(Data below begins)
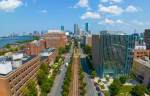 panoramic aerial view of the boston back bay skyline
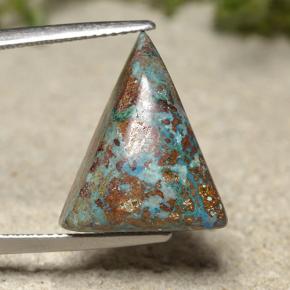 Chrysocolle Multicolore naturelle Trillion, 12.09 ct, Opaque
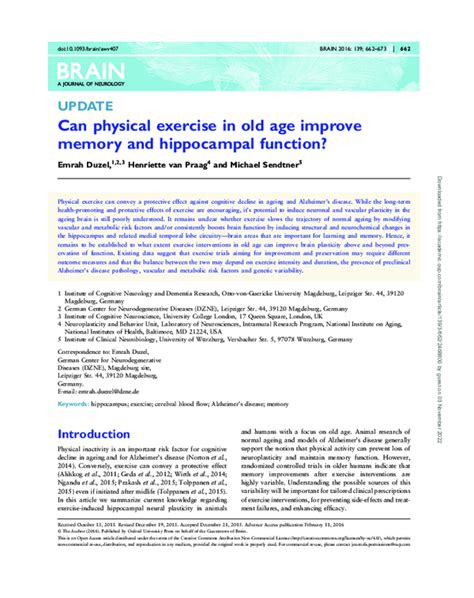 can physical exercise in old age improve memory and hippocampal function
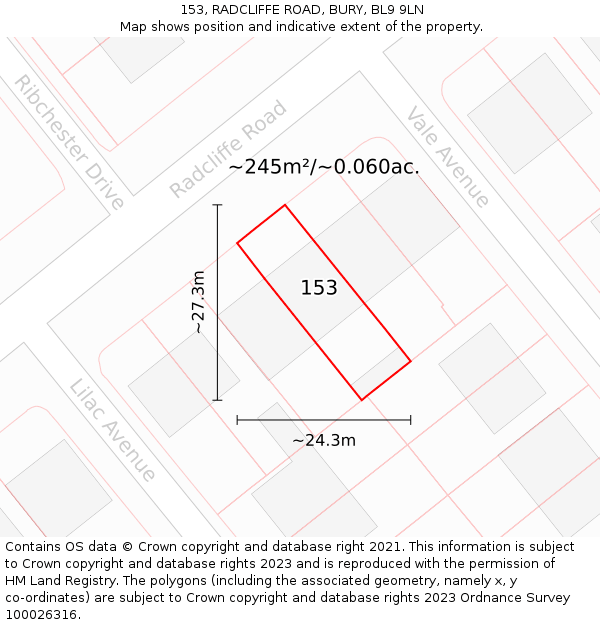 153, RADCLIFFE ROAD, BURY, BL9 9LN: Plot and title map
(Data below ends)
From the line containing "Chrysocolle Multicolore naturelle" down to the final line of the listing above, write out only those lines exactly as they are, minus the pictures.

 Chrysocolle Multicolore naturelle Trillion, 12.09 ct, Opaque
 can physical exercise in old age improve memory and hippocampal function
 153, RADCLIFFE ROAD, BURY, BL9 9LN: Plot and title map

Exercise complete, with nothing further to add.